In pre-school, when the teacher asked our class what we wanted to be when we grew up, there were at least a dozen would-be footballers, several hopeful singers, and at least one determined astronaut. One such individual is Alyssa Carson, who’s made good on her childhood goal.
Forget reaching for the stars; this girl’s reaching for Mars.
When did you first become interested in space and space travel? What about it personally piqued your interest?
I became interested when I was around 3 years old, after watching a cartoon [The Backyardigans – “A Mission to Mars”] and asked my dad whether anyone had been to Mars. He told me it would be my generation that would be going, and I decided I would be one of the ones to go. I think it was the curiosity of no one being there that piqued my interest.
Have you always wanted to be an astronaut, or were there other career paths to contend with?
My plan has always to be an astronaut and go to Mars, and when I got back, then maybe I would be something else.
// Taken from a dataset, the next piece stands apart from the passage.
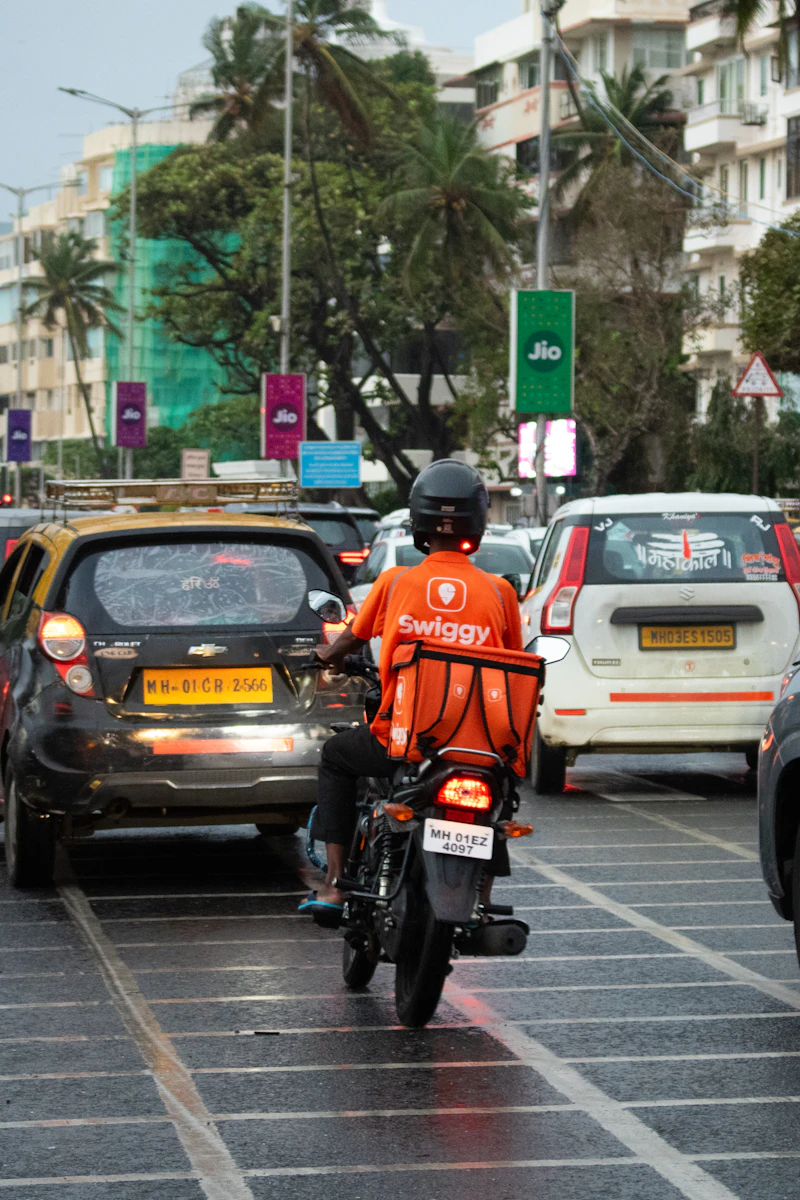 Dispatch rider in transit through city traffic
What training have you undergone thus far [e.g. NASA space camps], and what are the mental and physical challenges you have faced?
Going to space camps has given me an introduction to this field, but my real training started when I was accepted to Possum Academy at 15 years old. They are a citizen science group that train to do research missions in sub-orbital space. I have had to go through decompression training, and the most physical being water survival. Having a space suit on in the water, which is about 40 pounds more, made it hard to pull myself up in to a life raft.
Being on Mars will be hard, we will have to change the way we live.
In your opinion, what are some of the biggest environmental and population issues we’re currently facing on Earth, and look to face in the future, and how could the mission to Mars help alleviate them?
There are all kinds of challenges that my generation is having to work on in order to help save this planet. Going to Mars will help with learning new ideas on how to live on Mars and how to be more environmentally correct, which would in turn help here on Earth.
How do you envision life on Mars for future human colonies?
Being on Mars will be hard, and we will have to change the way we live, but I believe the rewards of learning about Mars are worth it.
What fears do you have for the 2030 mission?
I have spent enough time around the people who are building the rockets, learning how we will live, to know that there is a lot of safety in mind. I do not have any fear, but believe the people working on the ground here to send me to Mars are very concerned with the safety of the astronauts.
Being a teenager comes with its own trials and tribulations; do you ever find it hard maintaining a regular social life alongside your passion for your career?
Sometimes it is hard to have a social life, and I have had to miss out on some things, but my dad has always made sure I had a balanced life and that I did have my childhood.
Sometimes it is hard to have a social life.
Talk us through a regular week as Alyssa Carson!
There is really no regular week. Right now, I am in college going to classes and labs just like any other student. However, there will be weeks where I fly off to Canada to train at the Canadian Space Agency, or travel to California to speak to for the Federal Aviation Administration (FAA) and to others to kids to get them in to STEM careers. You just never know what my week might be like.
What advice do you have for the young people of Gibraltar on following their passions as you did?
I would say to find a subject in school that you like, find the different careers in that field, find one you love and go after it hard. Never give up on your dream and never let anyone take your dream away from you.